GitLab CI runner manager is responsible for creating build machines for package builds. This node configuration is managed by cookbook-gitlab-runner. Configuration values are stored in the vault named the same as the node, see example.

Currently, the version of GitLab CI runner is locked. We aim to be close to the current version of runner in order to get the fixes that we need without getting into issues that could cause a failure. These failures could prevent the release from going out so be careful with unnecessary changes on these nodes.

Runner manager machines

Distribution team maintains 2 runner manager machines for running different types of pipelines. Both these machines are in GCP project omnibus-build-runners.

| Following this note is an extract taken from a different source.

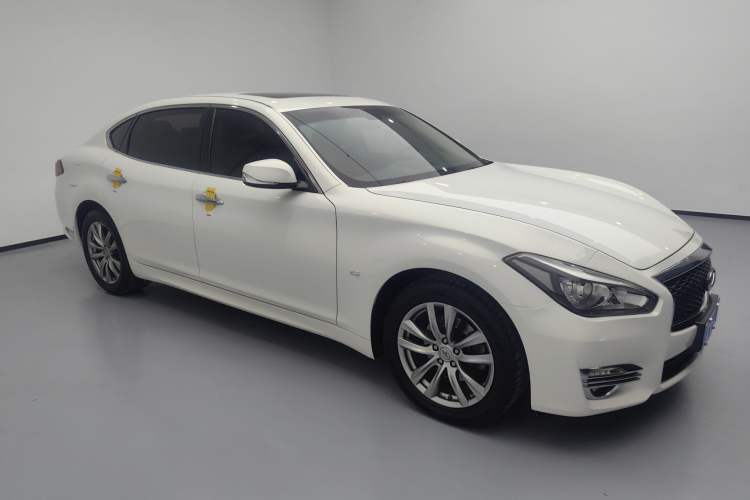 Used Infiniti Q70 2015 Q70L 2.5L Elite Edition Exterior 2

  1. build-runners.gitlab.org:
  2. build-trigger-runner-manager.gitlab.org

build-runners.gitlab.org

This runner manager manages the machines used for building and publishing official GitLab CE and EE packages. It is locked to the omnibus-gitlab project in dev.gitlab.org.

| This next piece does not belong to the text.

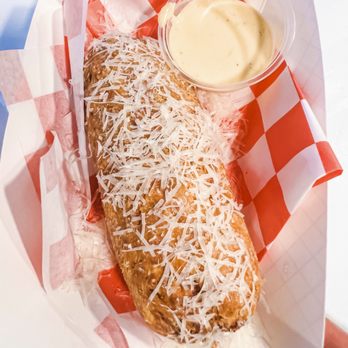 Aloha Mac Shack - Mac Shack Dog - Food Trucks Near Me - Honolulu, Hawaii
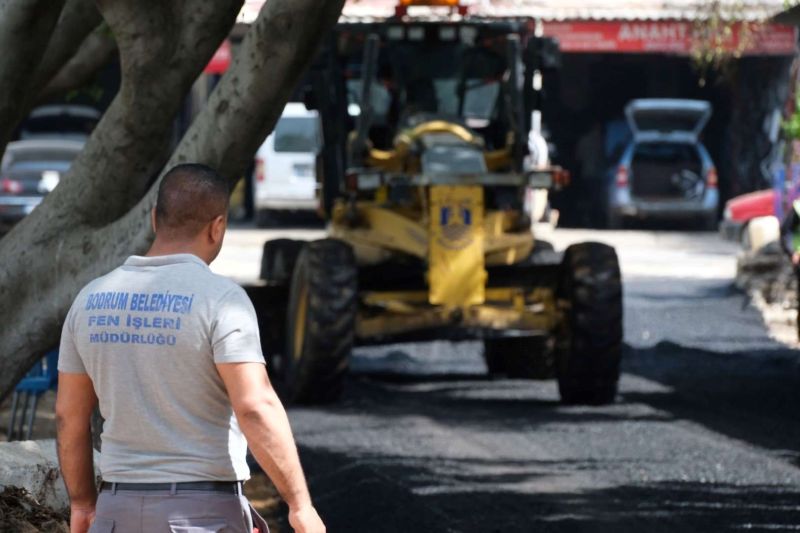 ASFALT ÇALIŞMALARI DEVAM EDİYOR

It spins up three types of machines:

  1. Machines for building packages. They are n1-highcpu-32 machines with 60GB SSD disks, spawned inside GCP using google docker-machine driver.

  2. package-promotion machines for uploading packages. Since they are only used to upload packages, they are scaled down to save costs. They are n1-standard-2 machines, spawned inside GCP using google docker-machine driver.

  3. ARM machines for building Raspberry Pi packages. They are C1 machines spawned inside Scaleway using scaleway docker-machine driver.

build-trigger-runner-manager.gitlab.org

This runner manager manages the machines used for building packages as part of triggered pipeline used by developers to test their changes. It spins up n1-highcpu-32 machines with 50GB SSD disks inside GCP using google docker-machine driver.

Maintenance tasks

Requirements:

Changing version of GitLab CI runner

When builds are pending on dev.gitlab.org

The common reason for builds to be pending on dev.gitlab.org project is that the number of failed machines is high. Failed machines prevent the runner manager from starting up new machines and this can slow down or even block the release. To resolve this, we need to clean those failed machines. The steps to do this are:

  1. Login to the build machine node

  2. Enter the root session: sudo su. This is required because docker-machine command will list running machines for currently active user

  3. Run docker-machine ls. This will print out the list of machines that are either in Running, Error or have an empty state.

  4. To list only machines in Error state, you can use
     /root/machines_operations.sh list-failing
    
  5. To safely clean the machines with Error state, run
     /root/machines_operations.sh remove-failing
    
  6. If the machine has an empty state, you can always remove the machine manually. Running
     docker-machine ls | grep -v 'Running' | awk '{print $1}' | xargs docker-machine rm --force
    

    will remove all machines that do not have Running state.